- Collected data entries

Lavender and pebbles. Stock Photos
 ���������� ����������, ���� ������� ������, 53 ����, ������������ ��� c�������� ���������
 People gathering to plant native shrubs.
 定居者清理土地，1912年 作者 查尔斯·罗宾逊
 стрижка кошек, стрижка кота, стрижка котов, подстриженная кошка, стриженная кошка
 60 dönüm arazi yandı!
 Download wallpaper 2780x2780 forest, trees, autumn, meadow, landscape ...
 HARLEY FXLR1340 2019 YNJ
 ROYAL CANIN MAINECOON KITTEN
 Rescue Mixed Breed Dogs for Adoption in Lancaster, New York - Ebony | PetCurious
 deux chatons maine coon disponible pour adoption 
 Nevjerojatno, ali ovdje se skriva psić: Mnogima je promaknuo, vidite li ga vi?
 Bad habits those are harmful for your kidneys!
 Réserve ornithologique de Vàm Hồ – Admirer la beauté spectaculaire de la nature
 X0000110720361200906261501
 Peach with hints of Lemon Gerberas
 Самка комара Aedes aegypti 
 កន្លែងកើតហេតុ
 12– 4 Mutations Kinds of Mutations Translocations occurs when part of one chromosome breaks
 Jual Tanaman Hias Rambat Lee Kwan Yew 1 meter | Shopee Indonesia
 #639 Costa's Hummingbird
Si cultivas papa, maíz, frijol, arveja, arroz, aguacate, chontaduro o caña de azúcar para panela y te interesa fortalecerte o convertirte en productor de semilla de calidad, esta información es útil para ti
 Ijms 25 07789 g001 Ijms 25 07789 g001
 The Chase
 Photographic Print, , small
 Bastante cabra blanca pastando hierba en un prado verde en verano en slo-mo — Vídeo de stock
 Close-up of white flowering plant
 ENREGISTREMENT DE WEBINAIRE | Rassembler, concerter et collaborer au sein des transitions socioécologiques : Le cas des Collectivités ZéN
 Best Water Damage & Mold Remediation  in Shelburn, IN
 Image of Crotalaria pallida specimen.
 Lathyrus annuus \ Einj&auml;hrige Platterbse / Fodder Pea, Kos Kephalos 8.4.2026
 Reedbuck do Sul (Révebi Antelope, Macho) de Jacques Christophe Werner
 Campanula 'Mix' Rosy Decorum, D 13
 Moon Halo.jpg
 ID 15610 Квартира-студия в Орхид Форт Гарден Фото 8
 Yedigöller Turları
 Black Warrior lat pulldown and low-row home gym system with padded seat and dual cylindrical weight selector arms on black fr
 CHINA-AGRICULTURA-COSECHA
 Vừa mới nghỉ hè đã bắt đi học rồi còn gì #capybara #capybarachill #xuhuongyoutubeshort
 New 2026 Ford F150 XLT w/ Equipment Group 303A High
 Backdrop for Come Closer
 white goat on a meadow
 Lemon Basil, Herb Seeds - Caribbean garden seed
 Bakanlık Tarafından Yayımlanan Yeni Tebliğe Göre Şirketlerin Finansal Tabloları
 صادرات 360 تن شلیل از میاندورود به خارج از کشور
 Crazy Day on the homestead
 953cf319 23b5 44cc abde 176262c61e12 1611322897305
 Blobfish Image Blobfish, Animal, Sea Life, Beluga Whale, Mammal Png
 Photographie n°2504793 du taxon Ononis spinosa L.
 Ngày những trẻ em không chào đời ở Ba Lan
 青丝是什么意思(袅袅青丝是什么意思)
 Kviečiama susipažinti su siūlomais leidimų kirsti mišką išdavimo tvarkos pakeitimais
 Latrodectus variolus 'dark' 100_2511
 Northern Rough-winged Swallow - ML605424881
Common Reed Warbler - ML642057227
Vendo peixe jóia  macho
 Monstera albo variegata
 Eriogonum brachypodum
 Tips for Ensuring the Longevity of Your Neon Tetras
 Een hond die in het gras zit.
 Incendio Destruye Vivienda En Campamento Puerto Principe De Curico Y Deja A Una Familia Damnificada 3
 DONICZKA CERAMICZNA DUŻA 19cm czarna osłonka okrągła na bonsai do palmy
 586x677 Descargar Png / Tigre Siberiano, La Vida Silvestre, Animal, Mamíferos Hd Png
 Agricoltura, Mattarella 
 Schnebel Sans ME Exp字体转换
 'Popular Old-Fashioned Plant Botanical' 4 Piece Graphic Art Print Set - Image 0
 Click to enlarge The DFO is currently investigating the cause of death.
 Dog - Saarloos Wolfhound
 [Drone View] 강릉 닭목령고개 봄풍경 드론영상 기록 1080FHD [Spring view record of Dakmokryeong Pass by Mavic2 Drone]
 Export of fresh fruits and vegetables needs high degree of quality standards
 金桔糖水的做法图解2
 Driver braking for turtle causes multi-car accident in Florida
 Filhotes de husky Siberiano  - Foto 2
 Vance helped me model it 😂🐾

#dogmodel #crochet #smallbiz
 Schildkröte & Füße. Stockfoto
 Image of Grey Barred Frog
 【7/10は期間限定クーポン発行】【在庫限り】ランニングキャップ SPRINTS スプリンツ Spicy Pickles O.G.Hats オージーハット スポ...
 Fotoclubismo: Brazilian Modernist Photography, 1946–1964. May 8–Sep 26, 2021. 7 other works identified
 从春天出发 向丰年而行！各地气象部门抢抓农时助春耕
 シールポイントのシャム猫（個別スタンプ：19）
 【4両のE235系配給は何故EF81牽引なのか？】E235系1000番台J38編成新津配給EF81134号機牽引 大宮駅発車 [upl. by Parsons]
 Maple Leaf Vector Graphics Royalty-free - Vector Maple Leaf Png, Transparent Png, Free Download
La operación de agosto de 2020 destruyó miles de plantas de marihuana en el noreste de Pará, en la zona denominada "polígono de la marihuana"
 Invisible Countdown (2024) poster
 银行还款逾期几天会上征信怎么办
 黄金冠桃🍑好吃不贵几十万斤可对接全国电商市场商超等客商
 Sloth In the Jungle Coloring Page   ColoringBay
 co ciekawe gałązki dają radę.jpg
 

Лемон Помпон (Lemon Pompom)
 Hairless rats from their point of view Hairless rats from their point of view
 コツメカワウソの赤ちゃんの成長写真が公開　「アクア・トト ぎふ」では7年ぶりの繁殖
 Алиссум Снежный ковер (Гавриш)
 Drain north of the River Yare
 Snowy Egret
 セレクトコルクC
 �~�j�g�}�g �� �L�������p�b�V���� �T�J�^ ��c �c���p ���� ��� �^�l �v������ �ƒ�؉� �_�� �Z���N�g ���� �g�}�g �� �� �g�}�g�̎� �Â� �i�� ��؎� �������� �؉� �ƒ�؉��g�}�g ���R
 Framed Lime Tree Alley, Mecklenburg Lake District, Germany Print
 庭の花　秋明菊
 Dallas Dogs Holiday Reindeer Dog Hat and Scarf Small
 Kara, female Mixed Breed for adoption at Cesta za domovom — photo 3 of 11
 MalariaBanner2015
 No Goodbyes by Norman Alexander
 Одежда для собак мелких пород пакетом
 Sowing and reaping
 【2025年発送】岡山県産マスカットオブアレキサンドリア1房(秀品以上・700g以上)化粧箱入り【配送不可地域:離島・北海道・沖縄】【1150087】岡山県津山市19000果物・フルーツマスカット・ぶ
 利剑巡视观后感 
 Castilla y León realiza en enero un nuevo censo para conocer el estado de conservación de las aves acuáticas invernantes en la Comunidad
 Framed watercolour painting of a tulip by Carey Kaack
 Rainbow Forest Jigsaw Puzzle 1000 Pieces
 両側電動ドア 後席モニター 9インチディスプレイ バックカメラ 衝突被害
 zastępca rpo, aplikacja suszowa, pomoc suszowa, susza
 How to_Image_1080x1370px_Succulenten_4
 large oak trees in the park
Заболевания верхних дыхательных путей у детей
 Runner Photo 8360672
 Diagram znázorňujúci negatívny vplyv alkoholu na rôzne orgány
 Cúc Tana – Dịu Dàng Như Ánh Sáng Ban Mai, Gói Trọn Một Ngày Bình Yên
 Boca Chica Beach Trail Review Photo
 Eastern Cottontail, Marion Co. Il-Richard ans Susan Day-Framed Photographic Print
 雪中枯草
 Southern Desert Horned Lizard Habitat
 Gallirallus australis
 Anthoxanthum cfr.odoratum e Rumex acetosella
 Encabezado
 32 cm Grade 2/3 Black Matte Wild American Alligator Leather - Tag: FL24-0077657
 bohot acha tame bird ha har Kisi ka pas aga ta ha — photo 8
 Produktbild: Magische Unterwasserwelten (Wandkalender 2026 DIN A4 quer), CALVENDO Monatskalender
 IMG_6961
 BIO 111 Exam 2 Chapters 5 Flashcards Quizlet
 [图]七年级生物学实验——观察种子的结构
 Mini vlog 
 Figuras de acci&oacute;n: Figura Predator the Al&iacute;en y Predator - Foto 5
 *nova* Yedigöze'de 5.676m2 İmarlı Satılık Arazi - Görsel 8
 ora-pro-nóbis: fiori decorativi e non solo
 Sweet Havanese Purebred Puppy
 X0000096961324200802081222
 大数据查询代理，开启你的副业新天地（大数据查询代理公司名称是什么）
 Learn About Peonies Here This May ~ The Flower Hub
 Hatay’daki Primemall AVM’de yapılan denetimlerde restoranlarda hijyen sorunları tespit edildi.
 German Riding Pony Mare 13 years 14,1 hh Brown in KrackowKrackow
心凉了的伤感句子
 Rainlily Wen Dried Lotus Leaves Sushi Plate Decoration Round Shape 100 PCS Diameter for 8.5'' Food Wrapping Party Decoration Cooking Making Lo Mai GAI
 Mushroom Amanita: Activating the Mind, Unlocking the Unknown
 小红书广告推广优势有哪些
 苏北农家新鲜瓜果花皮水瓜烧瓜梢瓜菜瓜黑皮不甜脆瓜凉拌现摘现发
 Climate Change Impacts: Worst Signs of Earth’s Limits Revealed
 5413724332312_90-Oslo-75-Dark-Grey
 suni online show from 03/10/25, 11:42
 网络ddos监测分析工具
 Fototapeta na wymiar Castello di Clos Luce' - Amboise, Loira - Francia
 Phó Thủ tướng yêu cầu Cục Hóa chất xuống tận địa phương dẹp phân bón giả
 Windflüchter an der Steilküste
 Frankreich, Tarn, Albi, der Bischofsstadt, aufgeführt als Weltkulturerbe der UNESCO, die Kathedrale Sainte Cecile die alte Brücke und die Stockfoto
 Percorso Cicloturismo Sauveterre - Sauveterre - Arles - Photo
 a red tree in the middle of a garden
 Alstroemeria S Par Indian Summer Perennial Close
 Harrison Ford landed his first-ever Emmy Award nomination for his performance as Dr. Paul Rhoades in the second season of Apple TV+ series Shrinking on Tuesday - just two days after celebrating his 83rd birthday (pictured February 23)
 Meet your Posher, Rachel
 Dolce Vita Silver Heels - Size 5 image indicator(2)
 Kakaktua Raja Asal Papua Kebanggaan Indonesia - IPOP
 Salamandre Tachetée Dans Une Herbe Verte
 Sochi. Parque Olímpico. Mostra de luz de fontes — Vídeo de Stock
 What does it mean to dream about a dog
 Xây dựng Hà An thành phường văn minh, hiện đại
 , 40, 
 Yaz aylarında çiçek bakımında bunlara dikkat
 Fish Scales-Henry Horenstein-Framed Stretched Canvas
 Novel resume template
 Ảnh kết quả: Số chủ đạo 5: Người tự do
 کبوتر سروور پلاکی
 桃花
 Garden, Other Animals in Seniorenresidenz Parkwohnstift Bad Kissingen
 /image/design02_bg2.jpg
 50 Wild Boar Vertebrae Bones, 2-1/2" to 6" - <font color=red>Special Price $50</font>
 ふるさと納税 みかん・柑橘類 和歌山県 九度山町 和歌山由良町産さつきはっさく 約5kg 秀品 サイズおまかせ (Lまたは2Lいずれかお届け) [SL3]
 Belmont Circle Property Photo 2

- PROBLEM
Please give back the records exactly as written, beginning at the first line and including the line that holds "útil para ti" as the last.

- ANSWER SPACE
Lavender and pebbles. Stock Photos
 ���������� ����������, ���� ������� ������, 53 ����, ������������ ��� c�������� ���������
 People gathering to plant native shrubs.
 定居者清理土地，1912年 作者 查尔斯·罗宾逊
 стрижка кошек, стрижка кота, стрижка котов, подстриженная кошка, стриженная кошка
 60 dönüm arazi yandı!
 Download wallpaper 2780x2780 forest, trees, autumn, meadow, landscape ...
 HARLEY FXLR1340 2019 YNJ
 ROYAL CANIN MAINECOON KITTEN
 Rescue Mixed Breed Dogs for Adoption in Lancaster, New York - Ebony | PetCurious
 deux chatons maine coon disponible pour adoption 
 Nevjerojatno, ali ovdje se skriva psić: Mnogima je promaknuo, vidite li ga vi?
 Bad habits those are harmful for your kidneys!
 Réserve ornithologique de Vàm Hồ – Admirer la beauté spectaculaire de la nature
 X0000110720361200906261501
 Peach with hints of Lemon Gerberas
 Самка комара Aedes aegypti 
 កន្លែងកើតហេតុ
 12– 4 Mutations Kinds of Mutations Translocations occurs when part of one chromosome breaks
 Jual Tanaman Hias Rambat Lee Kwan Yew 1 meter | Shopee Indonesia
 #639 Costa's Hummingbird
Si cultivas papa, maíz, frijol, arveja, arroz, aguacate, chontaduro o caña de azúcar para panela y te interesa fortalecerte o convertirte en productor de semilla de calidad, esta información es útil para ti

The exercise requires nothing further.